The Inception-architecture of GoogLeNet is primarily driven by the idea of the inception module, which also gave it its name. This architectural feature also led to the great success of the network. From the beginning modest gains were observable in comparision with networks based on the Network in Network (NIN) model. Perfectly balanced an inception network performs 3 – 10x faster than qualitatively similar performing networks without an inception architecture.
Through usage of a 1x1 convolution the spacial output size stays the same and reduces the dimensionality while it saves raw unconvoluted data for later layers. Also before the 3x3 & 5x5 convolutional layers this 1x1 layer reduces the dimensionality what saves precious computational resources. These are called dimensionality-reducing linear projection layers.
Aferwards the depth concationation function gets the spatial input size as a highest value and with reduced dimensionality where it pads all the expensive spatial size reduced outputs in. Regarding memory efficency during training, it seems beneficial to use inception modules only in higher layers.
This architecture enables networks to have an increased number of units (convolutions, pooling, etc.) at oncce without an overhead of computational complexity in later layers.
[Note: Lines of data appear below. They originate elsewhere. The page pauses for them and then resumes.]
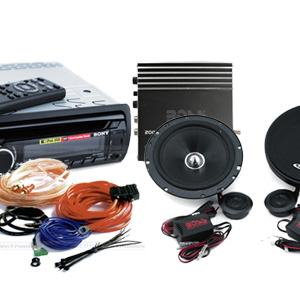 Sony, Boss Audio & Aerpro Complete Package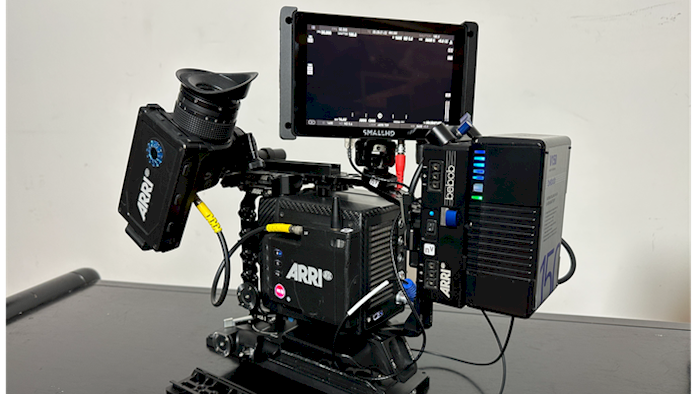 Puhlmann Cine - ARRI Alexa Mini LF Digital Camera Set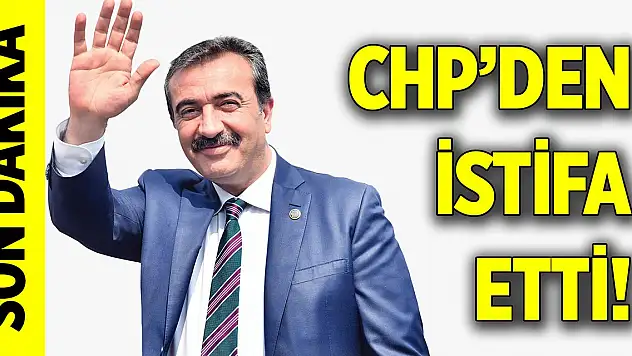 Yeniden aday gösterilmeyen Çukurova Belediye Başkanı CHP'den istifa etti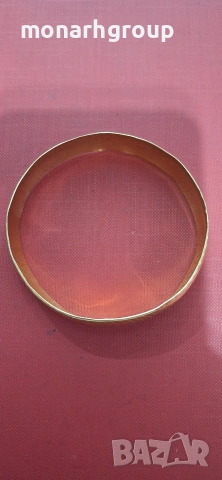 Златна гривна 22к, снимка 5 - Гривни - 53876272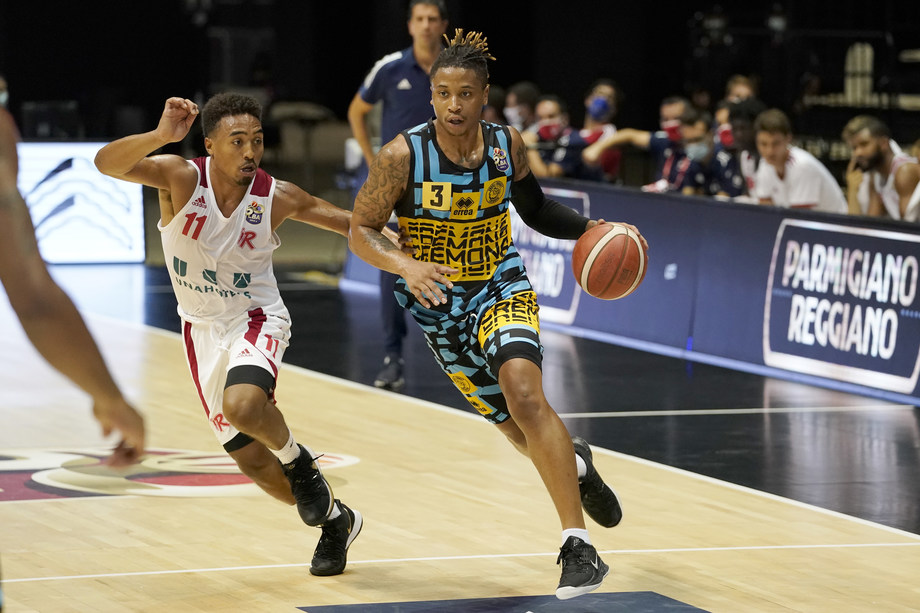 Frecciarossa Final Eight 2021, martedì  il recupero di Cremona decide il nome della ultima squadra qualificata: Vanoli o UNAHOTELS Reggio Emilia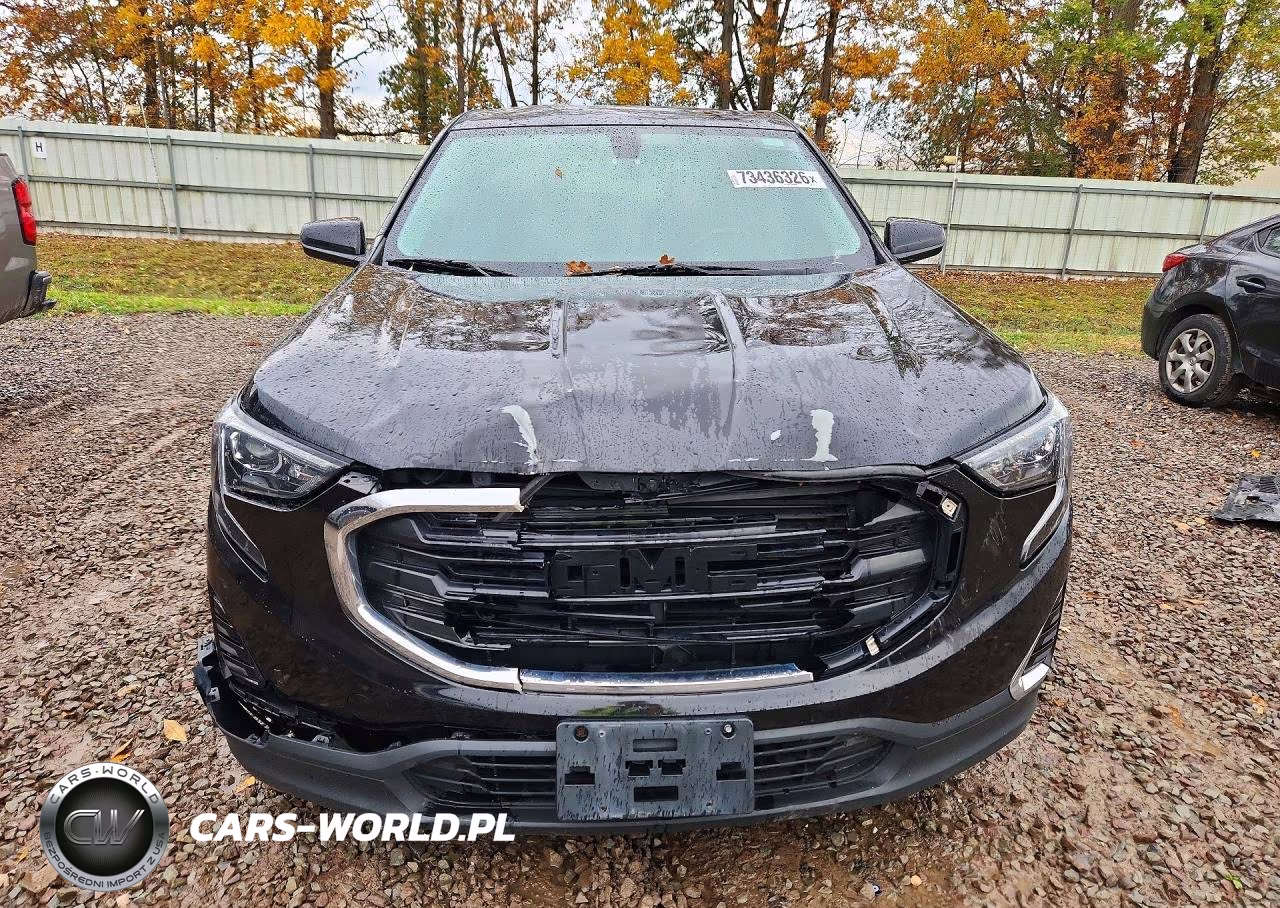 2018 GMC Terrain Sle VIN:3GKALTEV1JL217115 - 5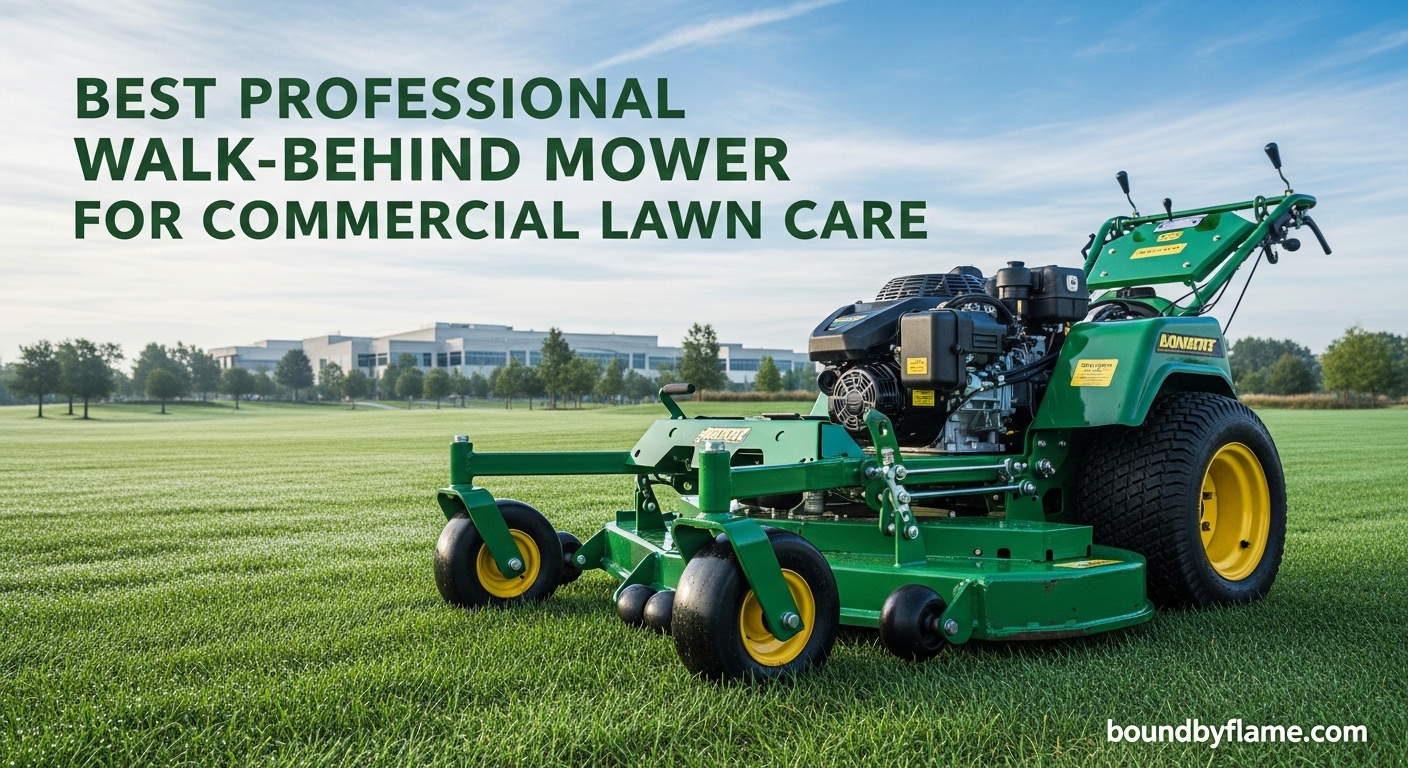 Best Professional Walk-Behind Mower for Commercial Lawn Care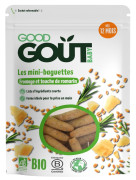 Good Gout Mini bagetky s rozmarínom a syrom BIO 70 g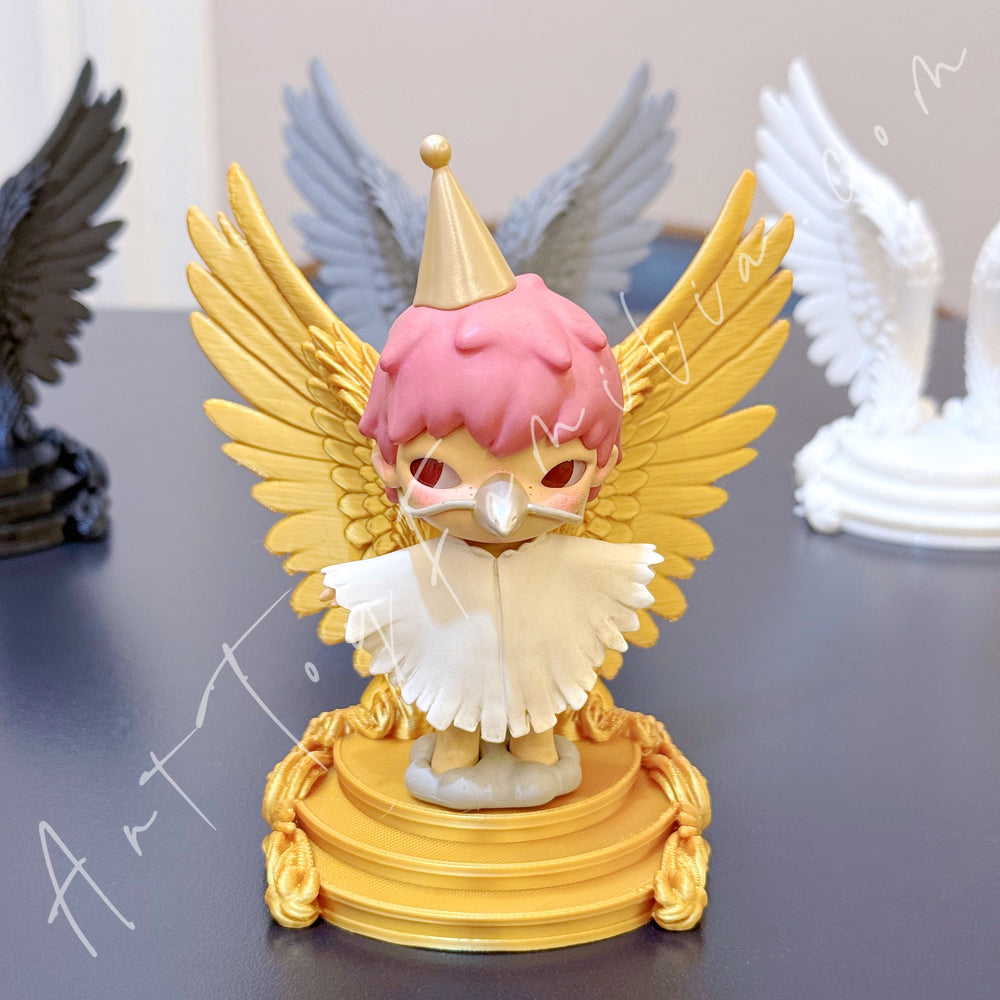 Doll Cloth Angel Wings Scene Prop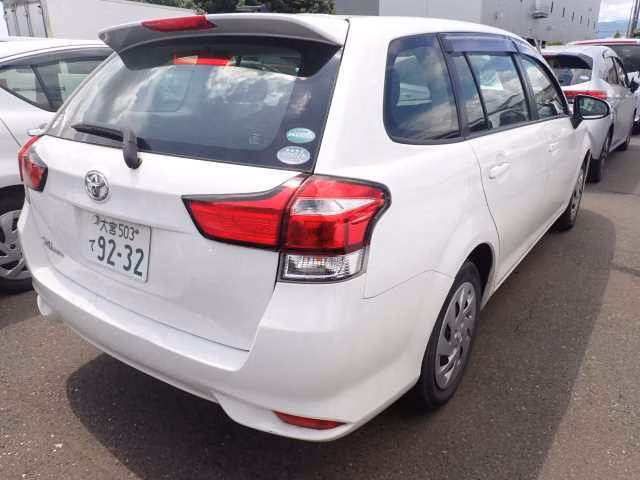 TOYOTA COROLLA FIELDER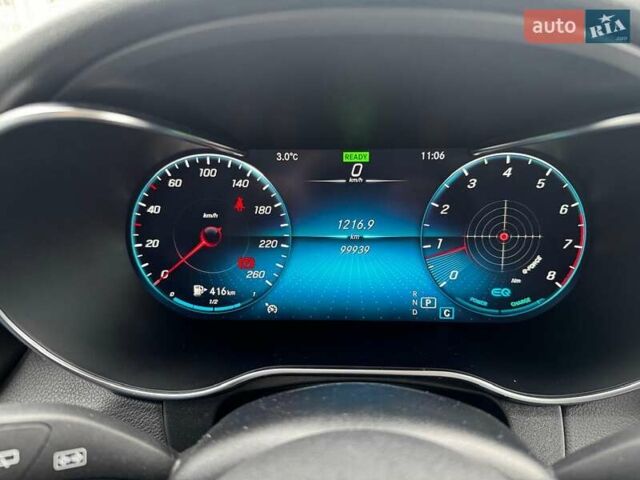 Сірий Мерседес ГЛЦ-Клас, об'ємом двигуна 2 л та пробігом 100 тис. км за 37000 $, фото 21 на Automoto.ua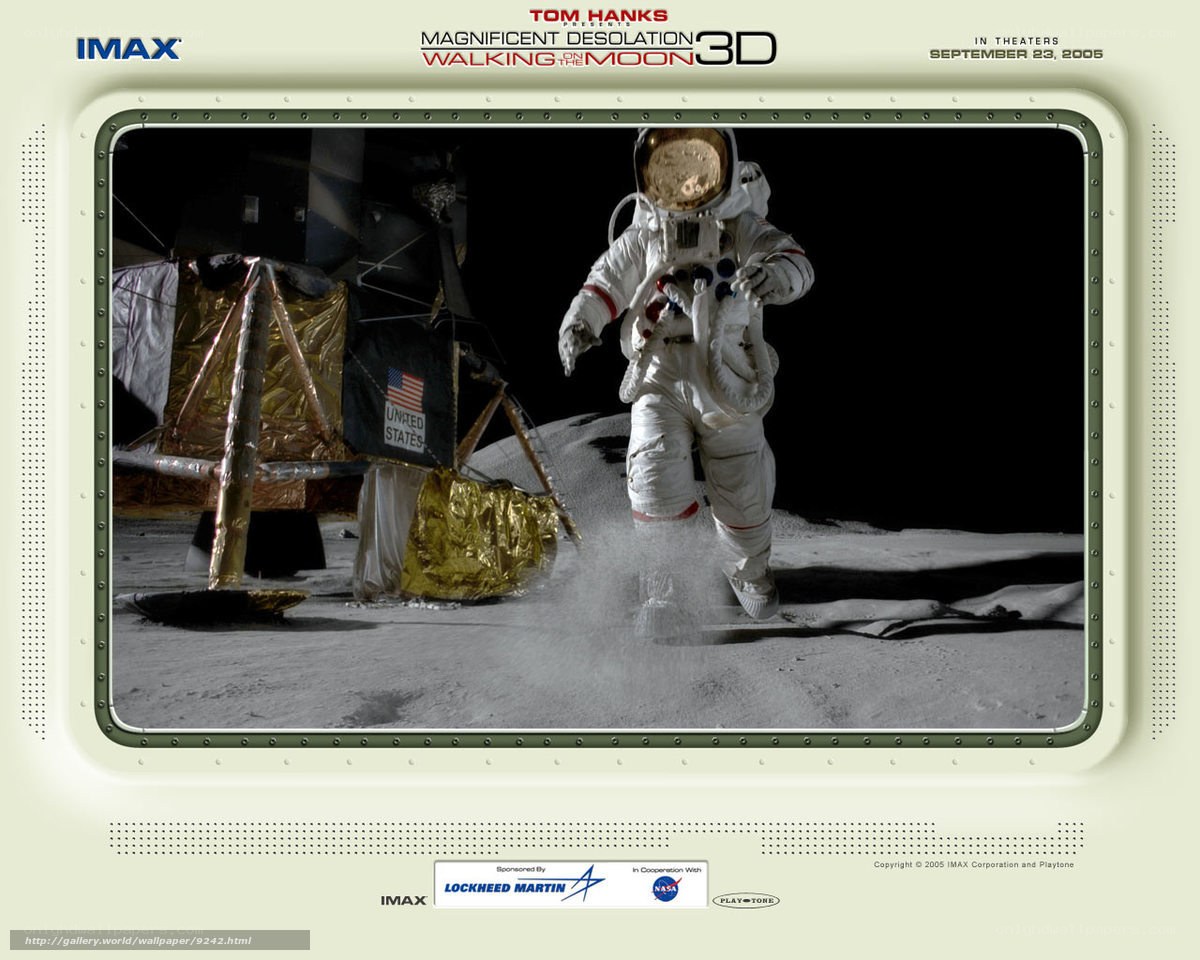 Walking on the Moon 3D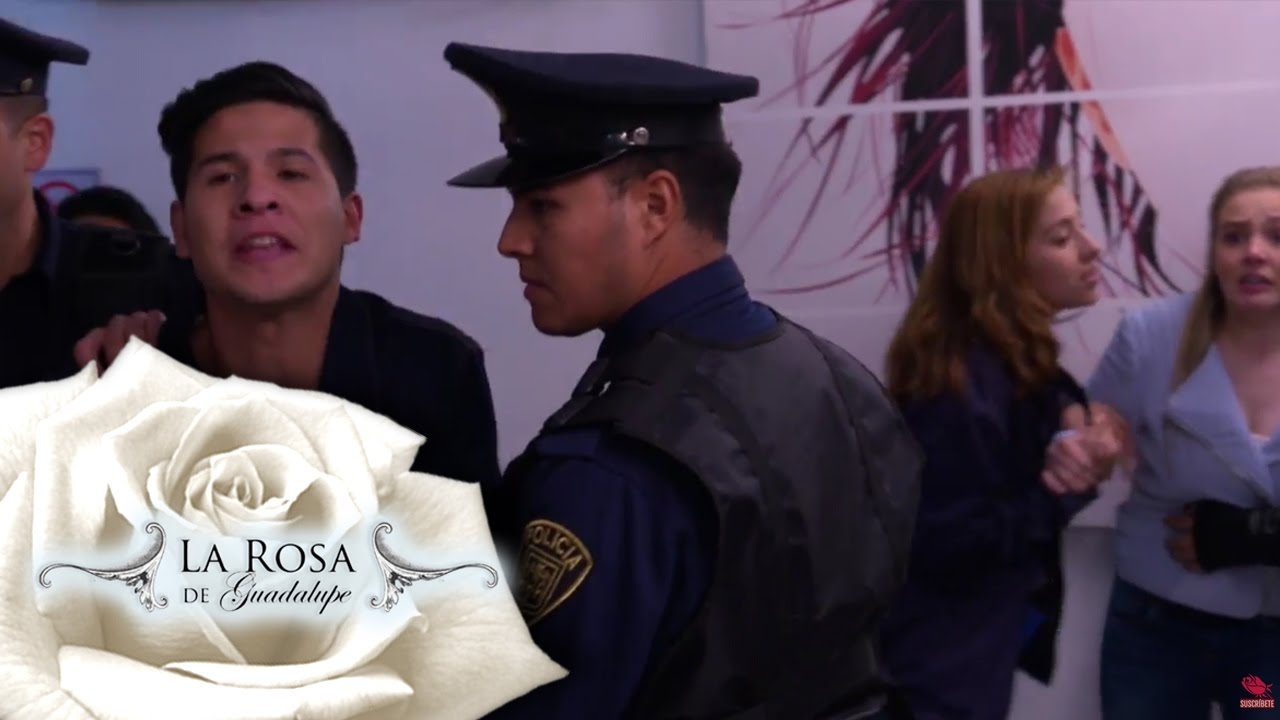 Juan le planta droga a Eduardo - Amores Rivales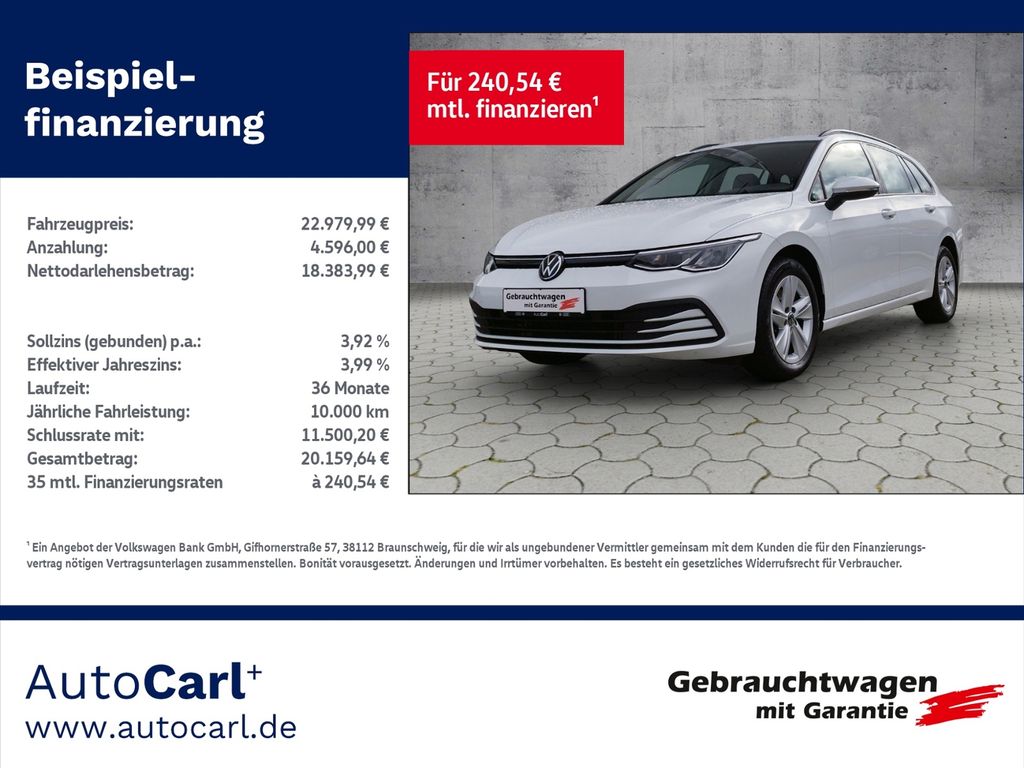 Volkswagen Golf 2022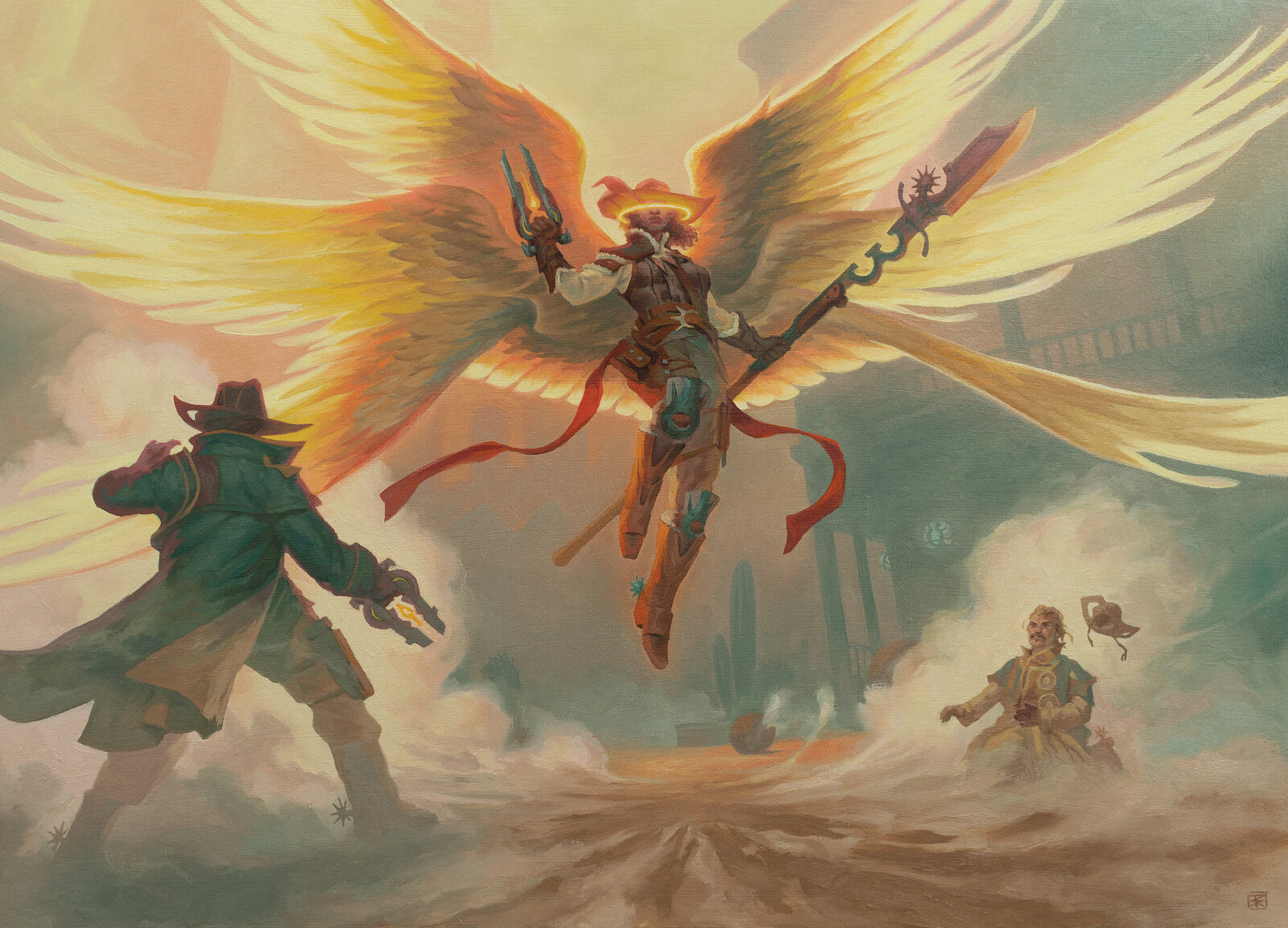 Angel of Indemnity illustration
Through the constant use of dimensionality reduction immediately before expensive convolutions with large filters.
The module is best used for features of higher abstraction. Therefore it is recommended to use the module in deeper layers, when the original data is already very abstract and spatial features decreased.
The GoogLeNet networks were trained with an asyncronous stochastic gradient descent (SGD) with an learning rate of 0.9 and a fixed learning rate schedule which applies a 4 % reduction every 8 epochs.
GoogLeNet won the ILSVRC in 2014 with an top-5 error rate of 6.67 % The team trained seven equal networks in paralell to perform ensemble prediction.
- ILSVRC 2014 6.67 % top-5 error rate
- 3 - 10x faster than similar performing networks without Inception architecture
- up to 12x less parameters
“Significant quality gain at a modest increase of computational requirements compared with shallower and narrower architectures."
The approach shows that sparser networks are feasible – in application “as well as on applying the insights of the […] architecture to other domains.”
Szegedy, C., Liu, W., Jia, Y., Sermanet, P., Reed, S., Anguelov, D., Erhan, D., Vanhoucke, V., & Rabinovich, A. (2014). Going deeper with convolutions. 2015 IEEE Conference on Computer Vision and Pattern Recognition (CVPR), 1-9.